The Pyramid of Menkaure (Mycerinus), Pyramid of Khafre (Chephren) and Great Pyramid of Giza
The Pyramid of Menkaure (Mycerinus), Pyramid of Khafre (Chephren) and Great Pyramid of Giza | © Paul Brown / Alamy Stock Photo

Researchers from St Petersburg’s ITMO University in Russia and Laser Zentrum Hannover in Germany have discovered a fascinating phenomenon regarding the design of the Great Pyramid of Giza.

A theoretical investigation published in the Journal of Applied Physics on July 20 2018 reveals the chambers within the Great Pyramid can “collect and concentrate electromagnetic energy.” Scientists looked at the “excitation of the pyramid’s electromagnetic dipole and quadrupole moments,” or the combinations of outgoing and incoming electromagnetic waves, to determine its capacity for electromagnetic focus. Using numerical simulations to deduce their findings, the research team found that under certain conditions, the pyramid’s internal chambers and the area under its base (where the third, unfinished chamber is located) can concentrate this energy.

Modern physics has provided unprecedented insight into the secrets of the pyramids, which were constructed around 2560 BC. For instance, cosmic ray-based imaging (also known as muon tomography) has been used to see further into the depths of these ancient structures, illuminating a previously unknown “large void” that humans haven’t encountered in several millennia.
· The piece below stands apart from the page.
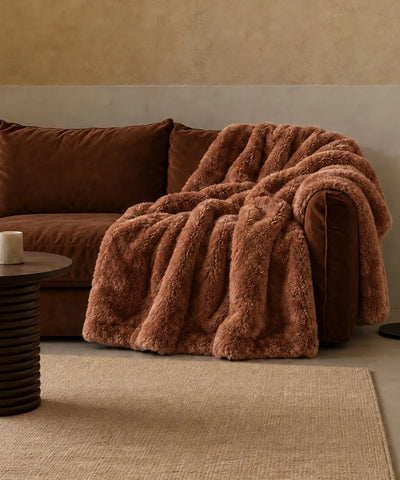 Faux fur throw - Sauvage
The Sphinx and the Pyramid of Khafre (Chephren) in Giza, Egypt

Egyptian pyramids have always attracted great attention. We as scientists were interested in them as well, and so we decided to look at the Great Pyramid as a particle resonantly dissipating radio waves. Due to the lack of information about the physical properties of the pyramid, we had to make some assumptions,” said Dr Andrey Evlyukhin, one of the study’s authors.

“For example, we assumed that there are no unknown cavities inside, and the building material has the properties of an ordinary limestone and is evenly distributed in and out of the pyramid. With these assumptions, we obtained interesting results that can have important practical applications.”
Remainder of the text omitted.